We illustrate these different preference relations using the following example. Let us consider Table 1 which gives the scores of five documents evaluated according to a pseudo-criterion g. Table 2 gives the different thresholds of this criterion. In this illustration, we denote g ij  = g(d i ) − g(d j ) which corresponds to the difference of the scores of documents d i and d j according to criterion g. Table 3 reports the differences of document scores and Table 4 gives the relational interpretation of such differences. For instance, since \(q \leq g_{13}=0.3 \leq p\) the weak preference relation holds between d 1 and d 3. Moreover, since \(g_{15} > v > p\) both the strict preference relation as well as the veto relation hold between d 1 and d 5. This involves, in particular, that criterion g imposes its veto to the assertion ‘d 5 is at least as good as d 1’, whatever the scores on other criteria.

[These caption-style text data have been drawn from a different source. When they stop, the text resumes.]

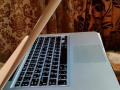 aard-ras-alsn-khsm-kbyr-lmstkhdmy-apple-mac-book-pro-i7-pro-small-1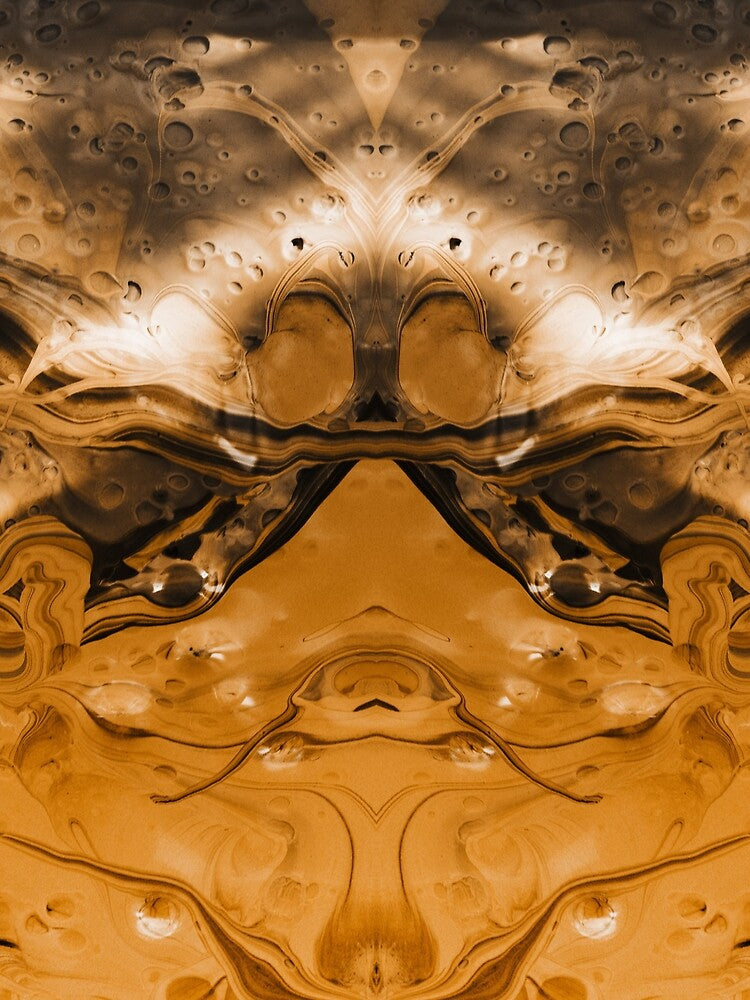Symmetry in golden yellow by Psilographics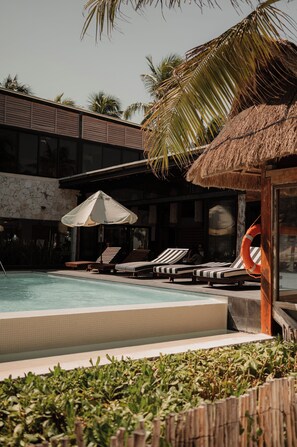 Pool - Wake up to turquoise waters at Isla Bliss 🌴 — a luxury 3-bedroom oceanfront condo just minutes from Isla Mujeres’ best dining and beaches. Enjoy a 90" Smart TV, stunning views, fast WiFi, and easy self-check-in for the perfect island escape. 🌊✨ (Isla Mujeres)
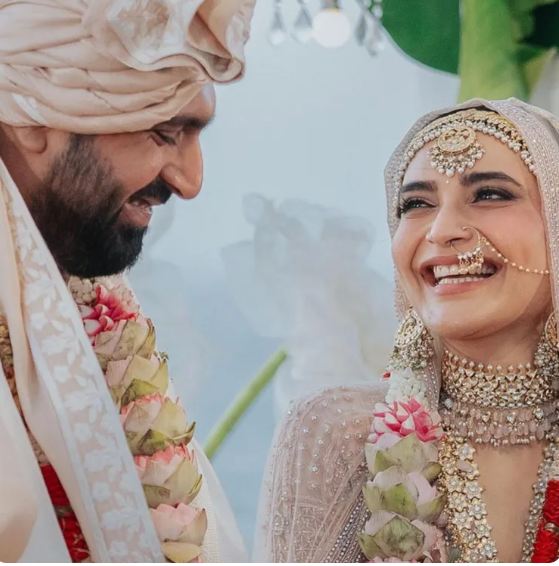 Bollywood : ಬಹುಕಾಲದ ಗೆಳೆಯನ ಕೈಹಿಡಿದ ಕರೀಷ್ಮಾ ತನ್ನಾ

Table 1 Documents scores according to g
Table 2 Threshold values of g
Table 3 Difference of document scores w.r.t. g
Table 4 Partial preference relations between documents w.r.t. g

5 Filtering procedure

In this section, we show how it is possible to get the top k best relevant documents using acceptance profiles. In fact, acceptance profiles allows us to discriminate documents that can be considered better than the acceptance profile. Different procedures can be used to obtain the top k best relevant documents. We give one such procedure.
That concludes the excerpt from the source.